Ils comprennent le motet à cinq voix ci-dessus mentionné, Cirdumdederunt me, l’invitatoire (Regem cui omnis vivunt, avec le psaume 94, Venite, exultemus Domino), les trois leçons du premier nocturne (I – Parce mihi, Domine; II – Taedet animam meam ; III – Manus tuae fecerunt me) et le troisième répons du deuxième nocturne (Ne recorderis). L’invitatoire, qui alterne constamment avec les versets du psaume 94, constituant une sorte de refrain, est particulièrement approprié pour essayer une grande variété de possibilités d’interprétation au plan de la distribution instrumentale et vocale, car nous savons que la pratique interprétative de la polyphonie sacrée dans les cathédrales ibériques et latino-americaines était rarement, peut-être jamais, a capella, mais comportait souvent une participation substantielle d’instruments à vents, à cordes et harmoniques.

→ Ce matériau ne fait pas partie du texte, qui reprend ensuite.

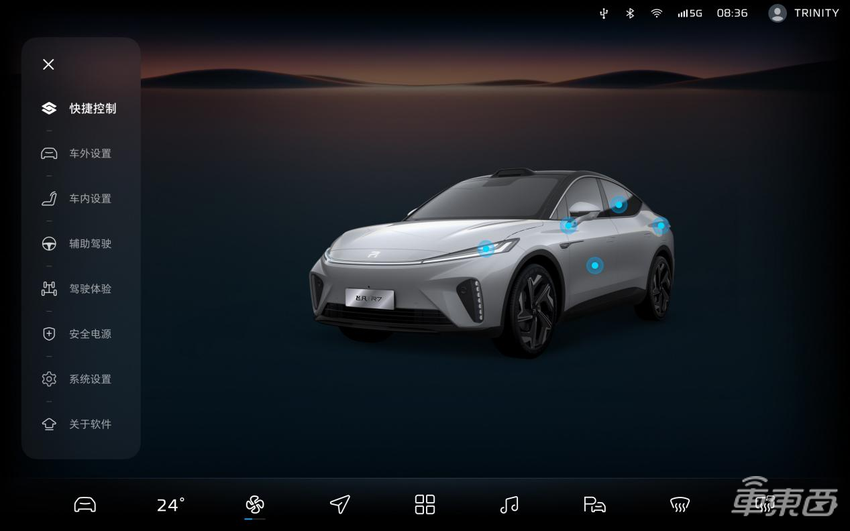 不卖期货，飞凡R7提供智能驾驶新选择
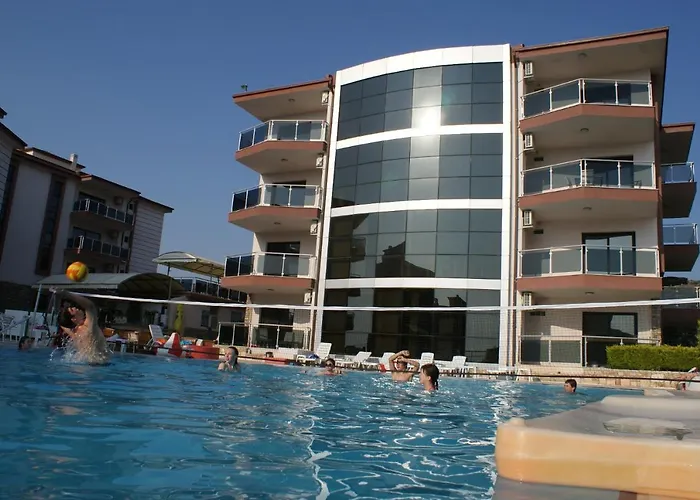 Whispering Sands Self Catering Apartment Resort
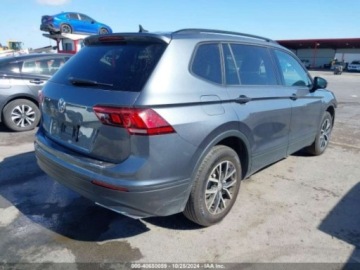 Volkswagen 2021 Volkswagen Atlas S, 2021r., 2.0L 2.0 Benzyna 184KM, zdjęcie 3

Les trois leçons – notamment la première, « dont la beauté fait s’extasier chacun » lors des cérémonies de Mexico, d’après Cervantes de Salazar – consistent dans de très austères harmonisations à quatre voix des tons grégoriens récités en usage dans ce genre, tandis que la ligne mélodique est chantée par la soprano. Exception faite de quelques changements harmoniques inattendus, l’impact émotionnel de ces pièces repose avant tout sur la déclamation rythmique du texte, où les patrons métriques changeant constamment accélèrent ou ralentissent la partie récitée, produisant, de même que l’interaction entre son et silence, de puissantes possibilités dramatiques (cf, par exemple, la façon lente dont est articulé le mot « Peccavi » – j’ai péché – dans le Parce mihi et sa disposition dans des mesures de pause générale). Finalement, dans le répons Ne recorderis, toutes les sections se fondent sur l’alternance permanente de brefs et sobres passages homophoniques avec des plains-chants. Une nouvelle fois, aussi bien dans l’Officium defunctorum que dans la Missa pro defunctis (et peut-être plus encore dans cette dernière), Cristobal de Morales nous a laissé dans ses compositions pour la liturgie des morts une méditation contenue et sévère, mais aussi extraordinairement puissante, sur les mystères de la vie et de la mort, et il a doté ainsi la musique sacrée européenne et la culture espagnole du 16ème siècle de deux chefs-d’œuvre impérissables.